For day time, paper and silk leaves were popular with 18th century pastiche or flower themes, usually in pastel colours. There is a marked difference between the fans of the lower end of the market and the upper. The cheap fans often have painted wooden sticks, and rarely stand up to a great deal of use. However, among the cheaper fans produced were advertising fans. These were produced by all of the great hotels of the era and many of the fashion designers. These often display a startling originality and variation of themes and are very collectable today.

The first World War destroyed all this elegance, and much of the need for the accessories that accompanied it. For the duration of the first World War fans effectively vanished.
At the end of the first World War “society” recommenced but the world had changed. Women, for the first time, had been forced to fend for themselves at home while their husbands, fathers and sons fought the war. In many cases their loved ones never returned. The leisured lifestyle that permitted time for balls etc before the Great War had vanished in many cases never to return, and many women were reluctant to give up their new found freedom and access to money of their own.
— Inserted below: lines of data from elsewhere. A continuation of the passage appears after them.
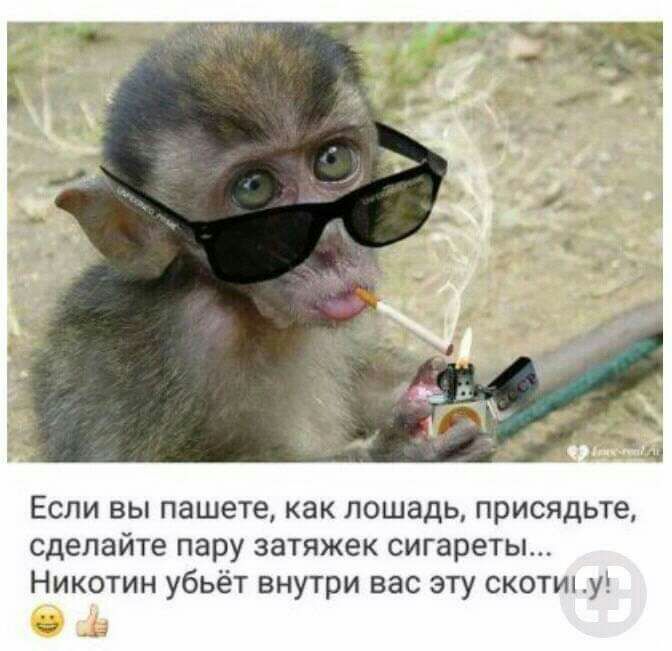 Если вы пашете как лошадь присядьте сделайте пару затяжек сигареты Никотин убьёт внутри вас эту скотип у 03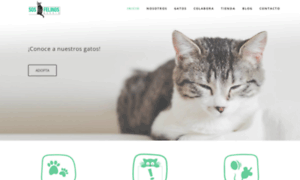 Sosfelinos.org thumbnail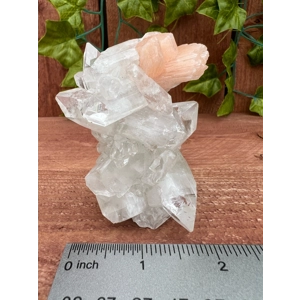 5.05 oz. AA Grade Apophyllite Clear Crystal Cluster Stalactite  from Jalgaon India. You get this pie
The 1920s were the last gasp of the fan as a serious fashion accessory. Some beautiful art deco fans were produced, mostly as advertising. Feather fans, and sometimes “thousand face” mandarin fans are found in the fashion plates and photos of the period. Women’s hands however were no longer as free as they had been in the past. They began to be filled with the new fashions for smoking and cocktails. Fans were a nuisance when trying to clutch these items and look sophisticated, and increasing they were left aside. Simultaneously electric fans were available to cool the room.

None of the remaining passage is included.